Arbitration Clauses and Investment Treaty Protection in Emerging Markets Disputes
June 13, 2019
The rewards of investing in emerging markets can be extraordinary: from ground-breaking and history making deals, to being the first to tap new opportunities. But those same factors also make it a riskier venture than most.
These are regions and industries where scope for error, misunderstandings and disputes is frequently heightened, either through the intricacies of operating under particular regional cultures and local processes, or the technical expertise required by complex, regulated sectors. No matter how conscientious the due diligence and how watertight the contracts, every investor needs to factor in the ‘what if’.
Some might argue that a standard arbitration clause is enough. However, Cleary Gottlieb partner Chris Moore argues that arbitration clauses can be an essential investment protection mechanism.
By contrast to the general boiler plate approach to dispute clauses, where the risk of needing to rely on the clause is higher, there can be real value in considering issues in more detail - such as the specific rules and forum selected, the substantive dispute resolution mechanism, what other protections are potentially available and how these might be impacted by how the investment is structured.
The Right Tool for the Job
When it comes to the macro environment, many investors favour arbitration processes over court proceedings because of the privacy and flexibility they offer. But making the most of these advantages depends on carefully thought-out dispute resolution clauses, developed with specialists in a range of options and with access to leading local expertise in multiple jurisdictions.

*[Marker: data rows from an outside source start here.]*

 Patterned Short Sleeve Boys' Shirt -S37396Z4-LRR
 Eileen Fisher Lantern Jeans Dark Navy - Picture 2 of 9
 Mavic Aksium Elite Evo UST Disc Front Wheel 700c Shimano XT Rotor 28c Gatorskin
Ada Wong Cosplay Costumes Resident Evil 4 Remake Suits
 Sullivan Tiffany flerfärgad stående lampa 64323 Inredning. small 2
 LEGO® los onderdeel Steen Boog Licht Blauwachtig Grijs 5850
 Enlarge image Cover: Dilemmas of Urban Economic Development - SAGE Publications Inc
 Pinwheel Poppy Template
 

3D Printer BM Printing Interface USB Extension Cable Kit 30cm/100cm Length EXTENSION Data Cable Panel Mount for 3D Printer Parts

“The risk for disputes arising out of investments in emerging markets can be quite high, and the underlying transactions often involve states or state-owned entities or commercial parties investing in high-stakes projects in challenging political and business environments,” says Chris. “While arbitration is an effective tool for emerging markets investments in several ways,” it’s essential that arbitration clauses for these parties are given as much thought and care as financing and other commercial aspects.”

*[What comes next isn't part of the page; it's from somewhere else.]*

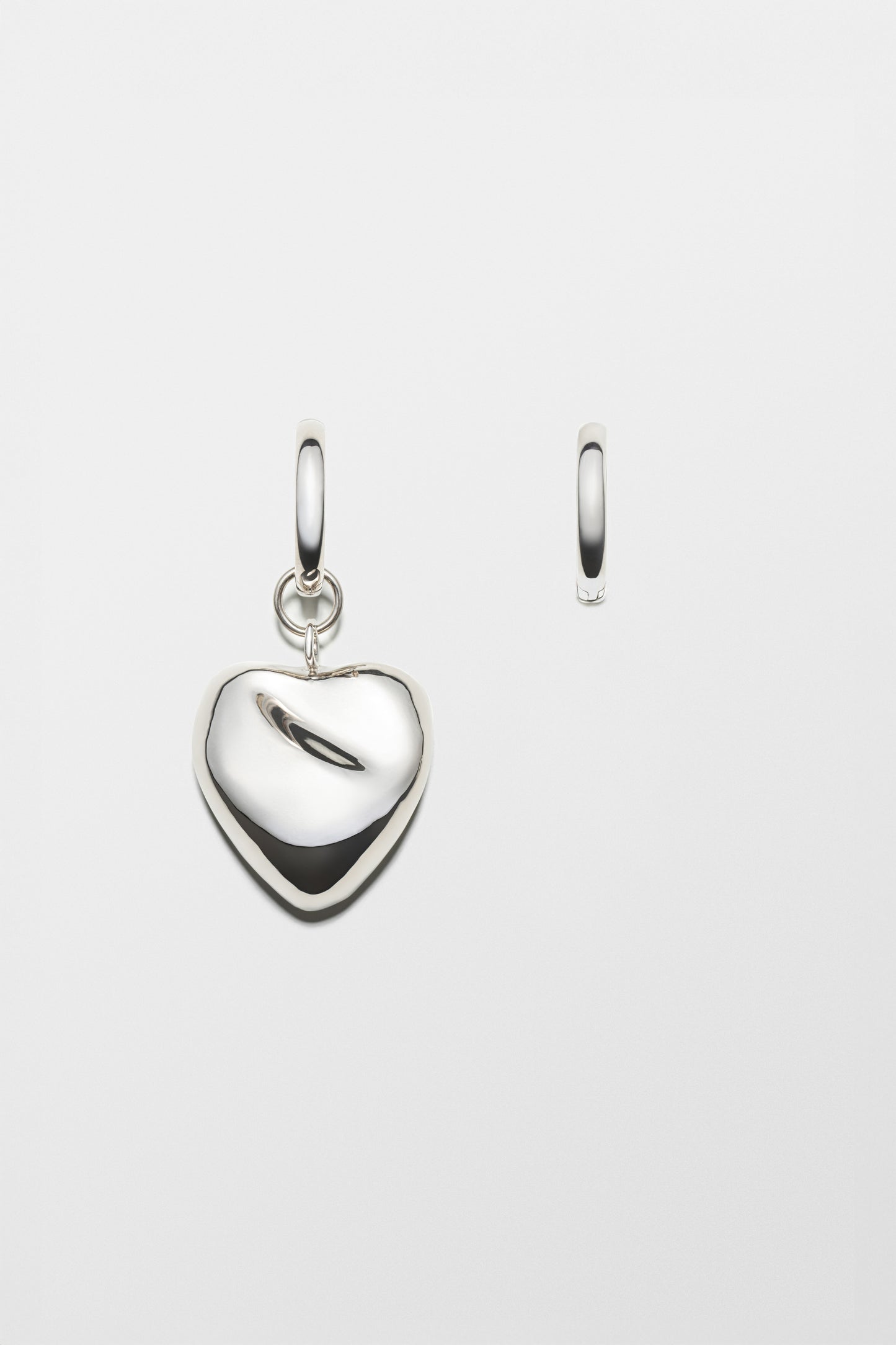Mono Heart Hoop Earrings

This is particularly the case if parties are considering whether to incorporate the rules of one of the newer arbitration centres in an emerging market (which may be well suited to the parties’ needs) rather than one of the more traditional choices such as the LCIA or ICC rules, or where the parties are considering whether to base the proceedings (the legal “seat”) in a jurisdiction other than those commonly chosen for international arbitration, such as London or Paris.

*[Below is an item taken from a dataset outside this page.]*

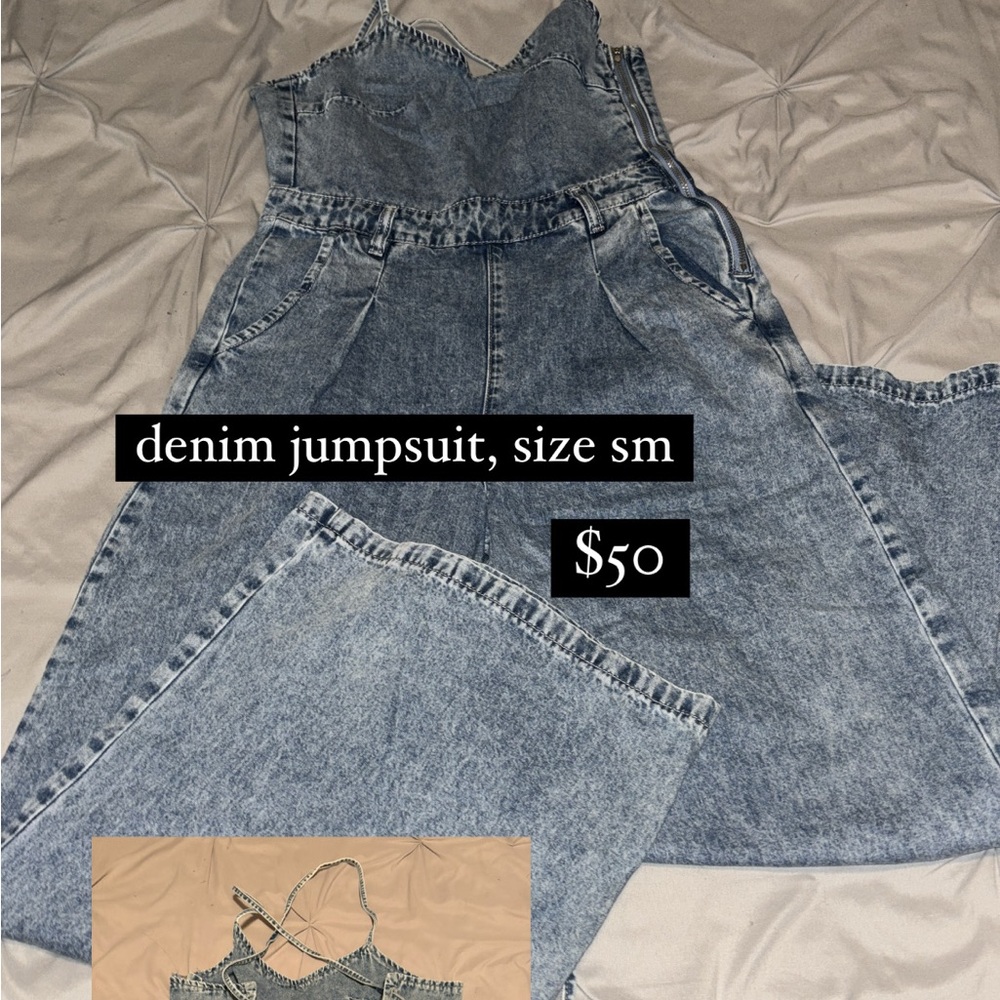 denim jumpsuit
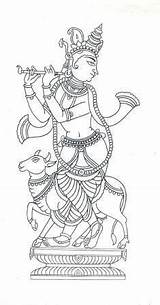 Madhubani Painting Indian Paintings Hindu Mural Pencil Patachitra Drawings Gods Outline Coloring Drawing Krishna Kalamkari Folk Kerala Avatar Tanjore Vishnu sketch template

As the use of arbitration in emerging markets deals has risen, so too have steps been taken to establish and improve arbitration centres to administer arbitrations within the relevant regions. For example, Rwanda’s Kigali International Arbitration Centre (KIAC) has registered over 100 cases since its 2012 inception. The KIAC states that the majority are international cases and believes that the size of its caseload shows increasing confidence in the quality of its arbitration.
Staying Ahead of the Conversation
International treaties afford differing levels of protection to foreign investors, including in some treaties, mechanisms allowing investors to bring arbitration proceedings against the State hosting their investment. Of course, as emerging markets evolve, so do the scope, priorities and interests of the stakeholders in these regions. In recent years some states in emerging markets jurisdictions (including countries in South America and Africa) have taken steps to move away from this type of investment treaty arbitration. This includes terminating bilateral investment treaties in favour of legislation requiring foreign investment disputes to be resolved via different mechanisms.
This has taken different forms across jurisdictions but, in general, the move provokes debates about who is really protected. In India, for example, reviews of the country’s multiple treaties led to revisions that some viewed as a more appropriate realignment of investors’ rights and that others believed retracted protections.
However, what’s mainly driving the change is a prevailing belief among some that treaties have previously favoured investors over states and the citizens they represent. This has led governments in recent years to reappraise many of these agreements and to be more closely involved in their development.
So, while debate is increasing about whether traditional investment arbitration infrastructure is fit for purpose, this presents an opportunity for market actors to be part of the debate and to help shape the changes. With vast experience advising both states and investors on investment protection and dispute resolution issues, Cleary Gottlieb is uniquely placed to engage with these developments and to advise clients on how best to structure their investments in order to maximize investment treaty protection before the investment is made or to represent parties in investment treaty arbitrations after disputes have arisen.
The firm leverages top tier skills in emerging markets in financing, mergers and acquisitions, insolvency and other areas, to advise on investment structuring at the outset, and on handling any related disputes thereafter. After all, according to Chris, “investors don’t think in silos and neither do we. We consider the whole project and strategy and provide the client with pragmatic advice on how best to protect their investments. That’s the value of involving Cleary Gottlieb from the start.”